Brown Sugar Collab sells items such as candles and skin care products handcrafted by local women of color. Allen says supporting small businesses not only boosts the local economy, but also personally helps entrepreneurs.

“Some of these women support their families through what they sell to me and other stores,” Allen said.

She says many of her salespeople lost their jobs during COVID-19 and turned selling their products into their full-time job.

American Express launched Small Business Saturday in 2010 to support local businesses during the Great Recession.

Last year, in the midst of the pandemic, the Small Business Administration reported that buyers spent nearly $ 20 billion nationwide during Small Business Saturday.

North Carolina SBA District Manager Michael Arriola says he’s confident customers will support local businesses again this year.

“Consumers have a lot more disposable income,” Arriola said. “So people are going to spend and they are going to spend with even greater revenge this time around. ”

According to a loan tree investigation, nearly half of Americans said they would do their small business shopping on Saturdays. And 63% said the pandemic had boosted their loyalty to small businesses.

“Every time you shop at a small business, more of your dollar is kept in the local community,” Arriola said. “So when it comes to patronizing our local small businesses, it’s really important to understand the impact of your own dollar on the community in which you reside. ”

Abbigail Glen owns Bookstore shelves, an online and pop-up bookstore. She says she’s grateful for Small Business Saturday, but thinks customers should support local stores year-round.

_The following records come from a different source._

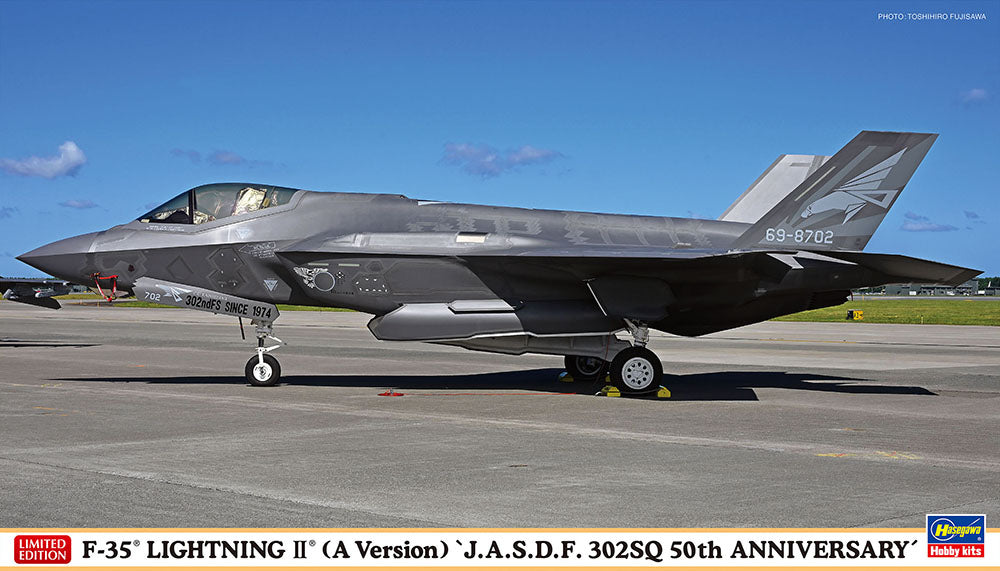 1/72 F-35 LIGHTNING II (A Version) J.A.S.D.F. 302SQ 50th ANNIVERSARY [LIMITED EDITION]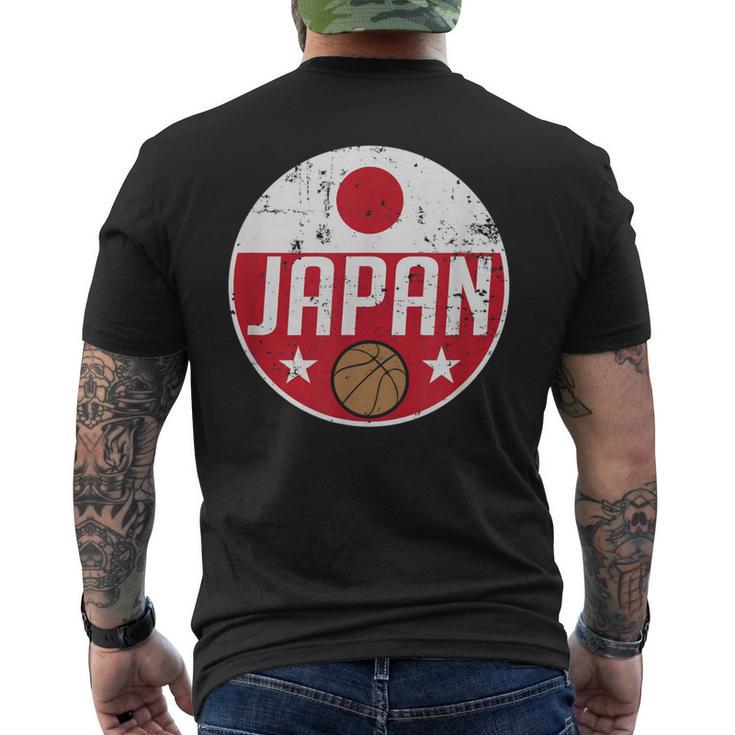 Japan Basketball Flag Jerseyupporter Nippon Fan メンズTシャツ バックプリント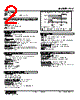 ALV-032-R Datasheet HTML 2Page - M-System Co.,Ltd. 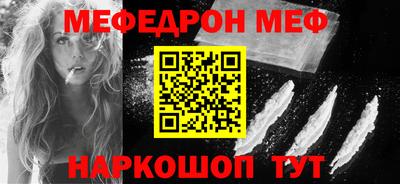 гашишное масло Можайск
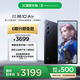 努比亞（nubia）紅魔10 Air 16GB+512GB 疾影黑 6000mAh 游戲手機(jī) 電競(jìng)肩鍵 支持NFC紅外 穿越火線賽事禮盒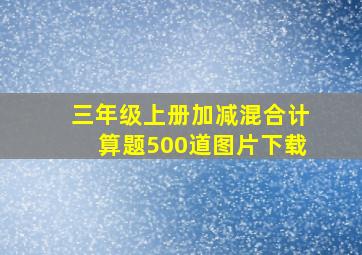 三年级上册加减混合计算题500道图片下载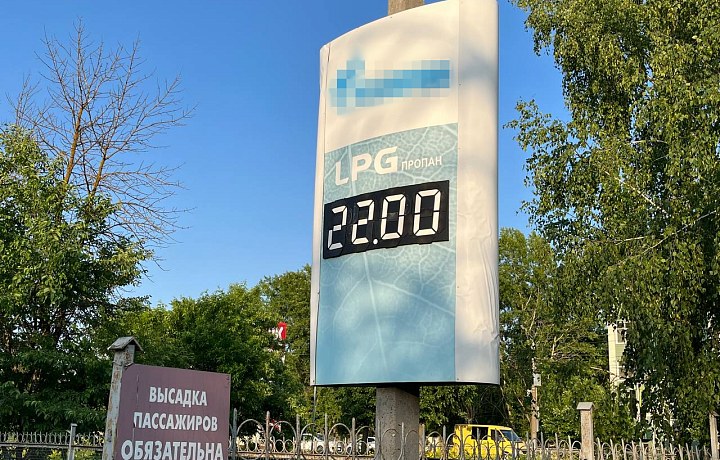 Тульские автомобилисты заявили о повышении цен на пропан на 10% Тульские автомобилисты заявили о повышении цен на пропан на 10%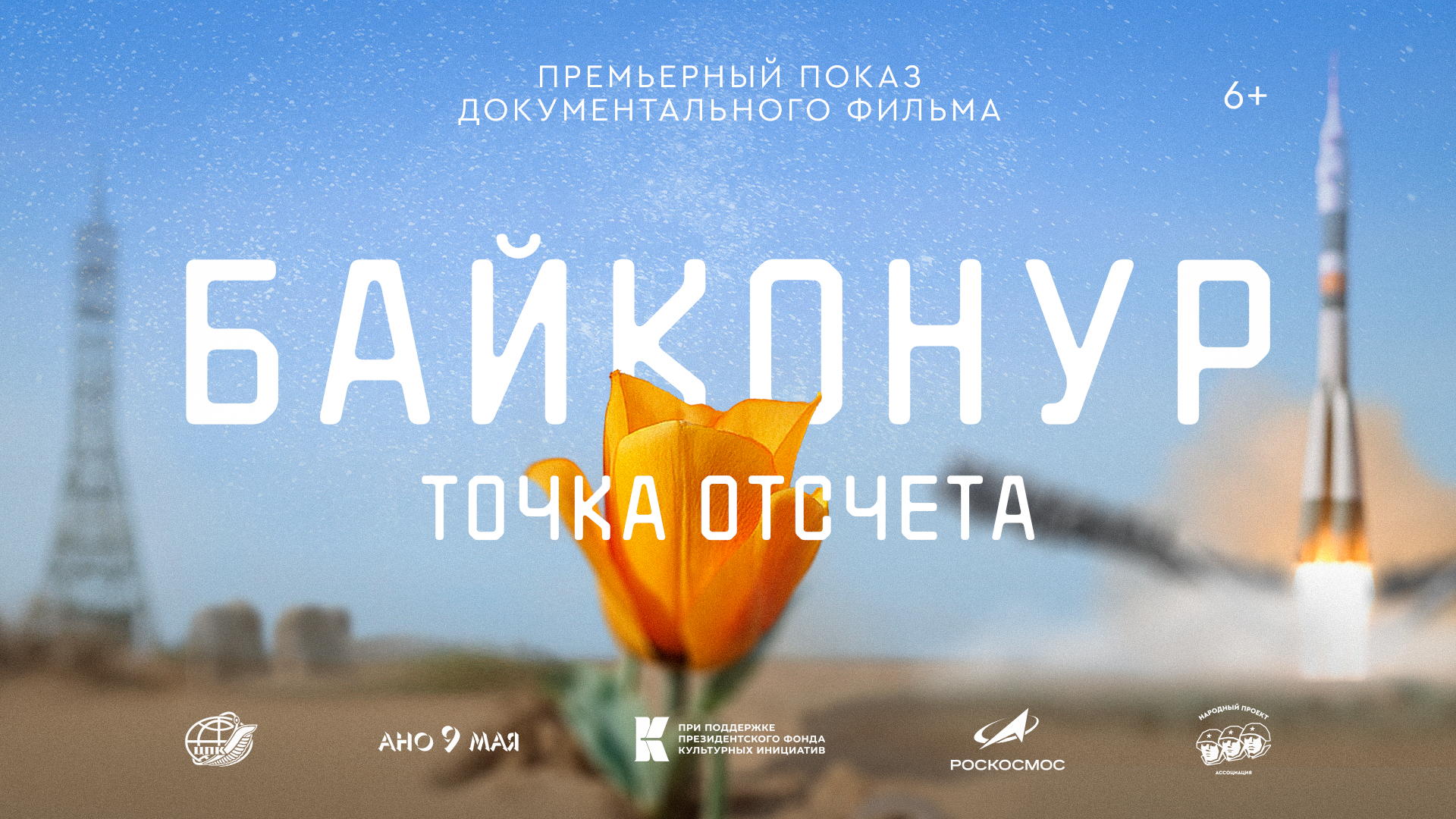 Показ документального фильма «Байконур. Точка отсчета»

Shelves Bookstore Marketing photo.jpg

“I encourage people to always be very intentional about leveraging their income with small businesses,” said Glen. “All I’m asking is that you try to determine if any of the things you buy regularly, if there is a small business in your community, or even if there is a small business outside of your community. community that could benefit from your money. ”

The Shelves Bookstore has sales throughout the holiday weekend, but Glen says shoppers shouldn’t expect small businesses to get the same discounts as large retail stores.

“Don’t take it personally if a small business can’t offer you a sale,” G len said, “that’s not the point and supporting small businesses.”